I haven’t posted an update since the elections, because, well, I haven’t been sure of what to say. For me, as a Democrat, it was hard to watch the results roll in on November 8th, to sit on my comfy couch and watch as NBC announced, in true Hunger Games-esque fashion, one state after the next going to Donald Trump and the Republican party.
It seemed surreal and even amusing early in the night. “Well,” I thought, “they’re going to make a fight out of things! Now, I have a reason to stay up and eat more food!” But then it kept going, and the map kept getting more red, like the color of a sunset as the sun moves further and further below the horizon.
Around 11 PM, I began accepting the inevitable, and with that acceptance came a flood of five-year plans. Move to New Zealand? Yes. No. Wait, I can’t actually do that, can I? Maybe Canada? It’s closer. I could come home for the holidays. No, I can’t leave. We have kids. And that’s too easy, any way. We’re Americans, damnit.

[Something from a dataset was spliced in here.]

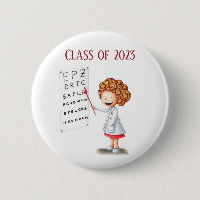Graduation optometrist doctor illustrated button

And then I had visions of New America. Visions of armed deportation troops marching up and down desolate American highways, vigilante style, with badges on their chests like in an old west movie, arresting people right and left without due process or cause. I imagined riots, fires, gun fire popping off in the night. Of course, this image is a bit (or a lot) dramatic, but throughout these past few months an apocalyptic tone has been pervasive. This was the battle to end all battles. I had to imagine what was possible. I had to prepare for any eventuality, in order to make an informed decision on whether to fight or take flight, and more importantly, if I stayed, whether there was any fight to make.
It’s January now, and I’m still here, though the sting of defeat hasn’t lessened. If anything, the wound has grown deeper as one discriminatory cabinet position after the next has been appointed from Trump’s throne high in his tower. Meanwhile, out in the real world and on Facebook, hateful voices long repressed have begun shouting in rhetoric not seen since the launch of Sputnik. “Hail Trump” has been spray painted in many places; numerous minorities have reportedly been harassed, including one of Leah’s friends who had lemons thrown at his car simply for having an Obama bumper sticker; and Congress almost got away with gutting an independent ethics committee today, in only their first twenty-four hours back in session.

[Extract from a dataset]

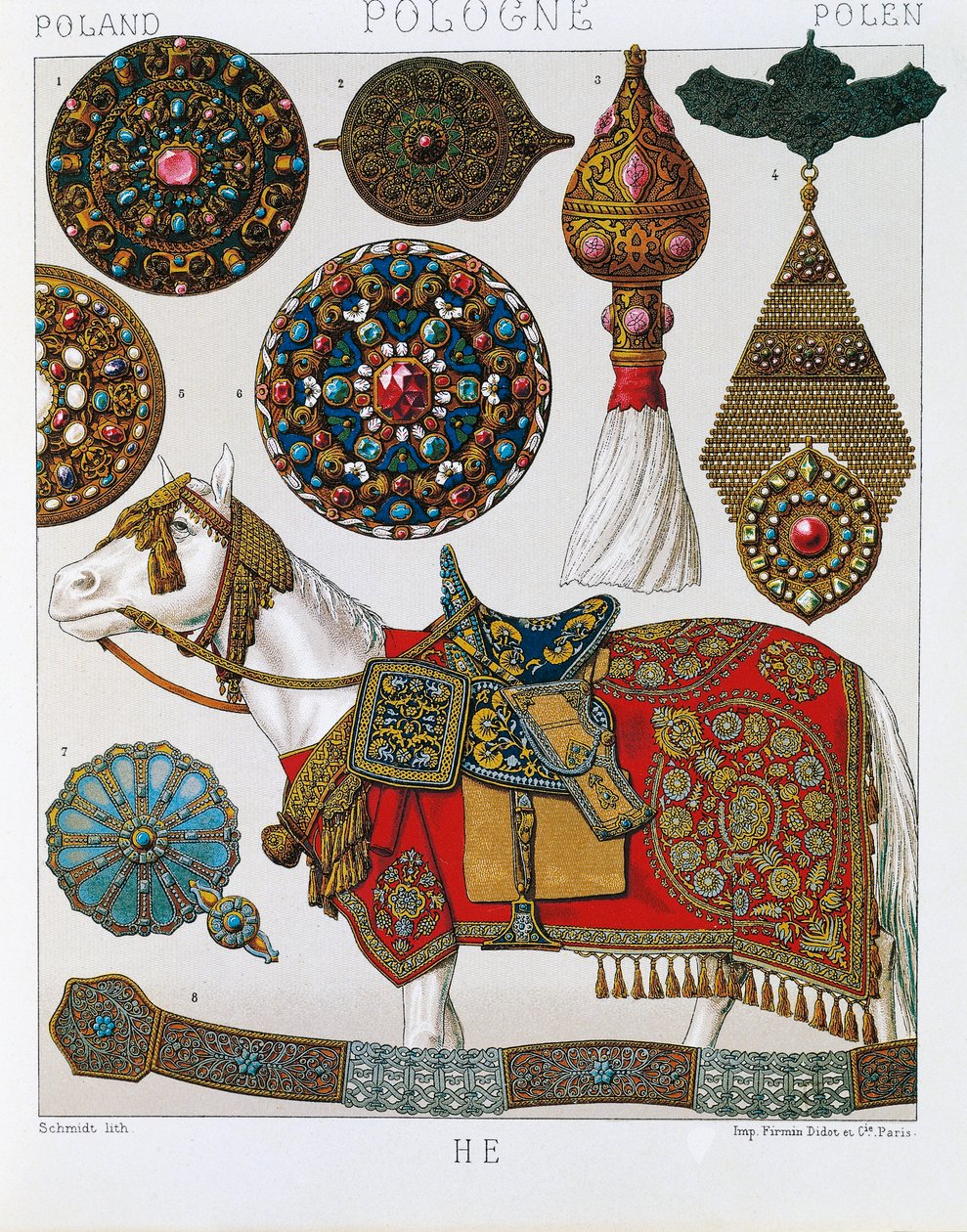 Ornamentos poloneses, Hussardos de cavalo, litografia tirada da história do traje de Schmidt, Volume V de Albert Charles August Racinet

And here I sit, with only a computer, a chip on my shoulder, and probably too much caffeine in my system.
Normally, I’m pretty good at losing. I lose or get rejected by so many playwriting contests a year that I make the Cleveland Browns look promising.
But there’s something different going on today. I don’t know exactly what it is, but I feel like Jean Valjean sitting alone in the field after stealing the Bishop of Digne’s candlesticks. There is a fork in the road coming up. Many have suggested now is the time for artists. That now is the time for our creative voices to be louder than ever. And I hope they’re right. I hope the fight is in us. I hope the next four years will be the most artistically productive years America has seen in decades. I don’t know what my place is in all of this. Or if I have a place at all.
Maybe all I know about the world we live in, and the world to come, is that I have to keep writing, every day, whether it’s political discourse or a historical piece on baseball; and I have to try to be the best person I know how, to be the best father and husband and human being I can. If at the end that fails and the world falls in on itself and my words still go up in so much smoke, like the puff of a firecracker that failed to explode -- then at least by God I made an attempt. At least I can go knowing I tried to do right, and tried to be in the right, even if leaned to the left. And that’s true no matter who is in office.
Next update I promise to talk about playwriting. I swear.